Henry Crabb Robinson, 30 Russell Square, London, to Mary Wordsworth, [Rydal Mount], 3 December [18]49.
30 Russell Square
3 Decr 49.
My dear friend
I rejoiced at the reception of your letter – Had it been addressed to any one the mere hand writing so clear and so firm would have given me pleasure, contrasted as it was with the hardly legible lines under my brother’s hand received at the same time – But to receive so cordial an invitation from you was really a high enjoyment – You say you have hope that nothing will occur to impede my being with you at the usual time – Most anxiously do I wish this may be the case – But this is very uncertain –
I lately learned to my great astonishment that it is now seven years since my brother has sustained these severe epileptic attacks which sometimes by sudden blast carry off the sufferer – More frequently his mind perishes by “slow decline” – There has been one great consolation during this long trial His perceptive powers have been weakend But his moral feelings, his affections have never been perverted – And he has been for the greater part of the time quite happy – My visits to him have been frequent – Indeed I have placed myself at the Service of my niece, who is the most assiduous & kind of attendants – I go to Bury when she wishes for me, And I stay as long as she approves of it – She sometimes thinks that my presence is too exciting – I wrote to her on Saturday, informed her of your very gratifying letter, but that she, not I, should determine about my availing myself of your invitation – I need not say how much I desire once more to enjoy a Rydal Christmas – I shall miss certainly my walk to Grasmere before breakfast but the Sum total of enjoyment will not be sensibly diminished
I was lately at Brighton for nine days my great nephew is there under the care of his Aunt, for a change of air & a milder climate were prescribed – And his fond mother has no other consolation for the loss of her childs company, but ^than^ the consciousness of discharging a duty of affliction to her father in law – her own mother older than my brother is her companion – She is afflicted also by a stricture of the throat And is in danger of death from starvation – So sad a house is that at Bury –!
When at Brighton I saw repeatedly Miss Rogers – Her brother was with her – I dined once with her – It was a pleasure to her to sit at the head of the table And make a shew of doing the honour with her paralytic hands – a mere shew of course.

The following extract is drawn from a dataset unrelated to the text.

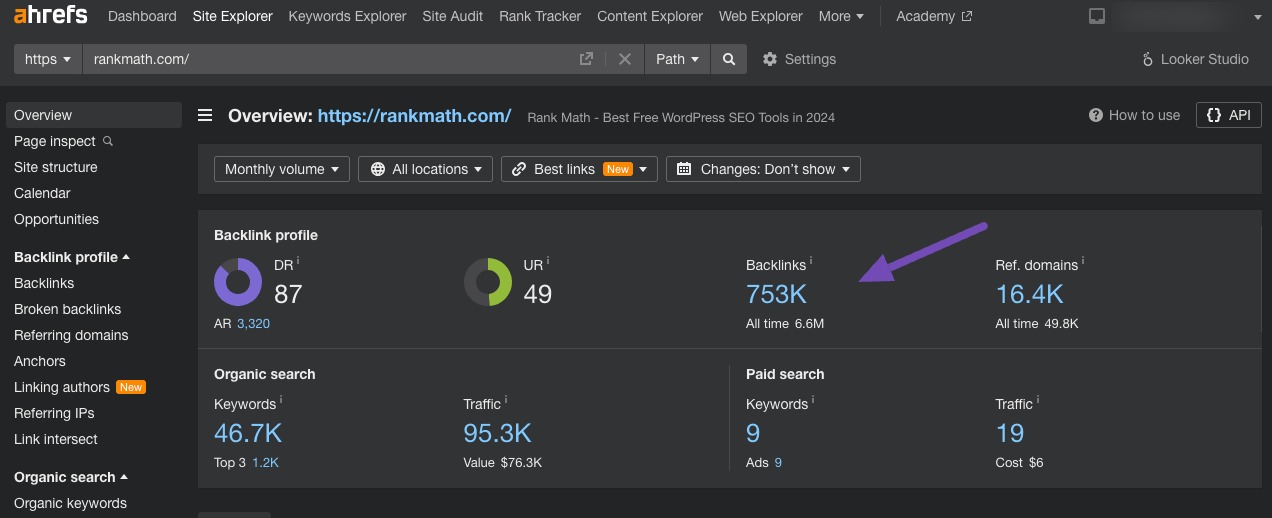 Backlink Analysis in Ahrefs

On Tuesday I came up, taking the early train in order to breakfast in St James’s Place – I was there in good time Such are the results of Rail Road Travelling
At Brighton I called twice on Mr Graham It really does one good to look on the benignant smile of his fine face – There is something very attractive & even gracious in his look His Son is gone to the South, I suppose for his health – He is expecting – I should say was – his daughter on whom his affections are now so concentrated – They spoke of her health as good now And I hope you share in the same favorable opinion –
Brighton was very full & very gay when I was there – But gay people now give me no pleasure, not that I am myself triste This morning I have been breakfasting again with Rogers, having done so twice last week – He is more unchanged than you could have imagined – He retains his old habits – repeats his favorite passages from poets & prosaists, and tells again & again his old anecdotes, to his old associates –
He has a Knot who usually meet on Tuesdays at his house, of whom those one most frequently meets are his nephew Sam: Sharpe, Luttrell, Harness, Dyce, & Mitford three ecclesiastics of whom the two latter are at large And the first tho’ an incumbent is quite as much of a <–> liberator as he is of a divine – Dr Henderson &c And of late I have joined them – At each of the late three visits Rogers has expatiated on the beauty of the head in the small folio Vol: I have seen the first two Vols of the new edition, but shall not appropriate it until it is complete Mrs Coleridge is looking very nicely –
I learn this morning from the Ecclesiastical sources that there is a forthcoming election at Cambr: of the Regius Professorship of Divinity And that Dr Christ: Wordsworth And Mr French Archdeacon Hare’s friend are the rival candidates – The disputatious controversialists are eagerly bent on the impending trial before the Privy Council Judicial Comme of the great question of baptismal regenerations. Numerous secessions are threatned whatever the decision may be – Parties are growing daily more & more vehement & contentious
You will wonder that I should presume to send you a Hymn which was sung at the opening of the Liverpool Chapel lately, not written for the occasion, tho’ meant composed as an for the Service of opening a place of religious worship I felt half ashamed of myself when I found it to be written by a person I know & very much dislike so I shall not be offended tho’ surprised if you tell me on the highest authority that it is worthless and that I ought not to have thought it worth while copying –
If I am able to visit you, I shall have a melancholy pleasure in making frequent calls on poor Mr Carr. To whom as well as to the Arnolds Davys &c &c I desire my kind remembrances –
To your own family in which I included Mr Quillinan my especial & best regards – I believe I own him an answer to a short note in answer to a gossipping & rambling letter –
Affectionately your’s
H. C. Robinson
Mrs Wordsworth
Text: WLL, Robinson, Henry Crabb/18, Wordsworth Trust and Museum, Grasmere. Robinson writes in his diary on 3 December 1849: ‘I left home early to breakfast with Rogers, Tagart, Henderson, Harness & Mitford – a lively 2½ hours. Then at the Athen: where I wrote two long letters – one to Mrs Wordsworth chiefly on the uncertainty of my going to Rydal at the Christmas as usual and the other to Mrs Coleridge who sent me a letter from Miss Fenwick. They both want me to write to Wordsworth to induce him to make a settlement on a nice of Southey who is in poverty. I wrote at length shewing that I ought not to do so as I do not know Miss Southey myself and could only write being set on by others – and this indirect & circuitous mode of making the application would be justly offensive.’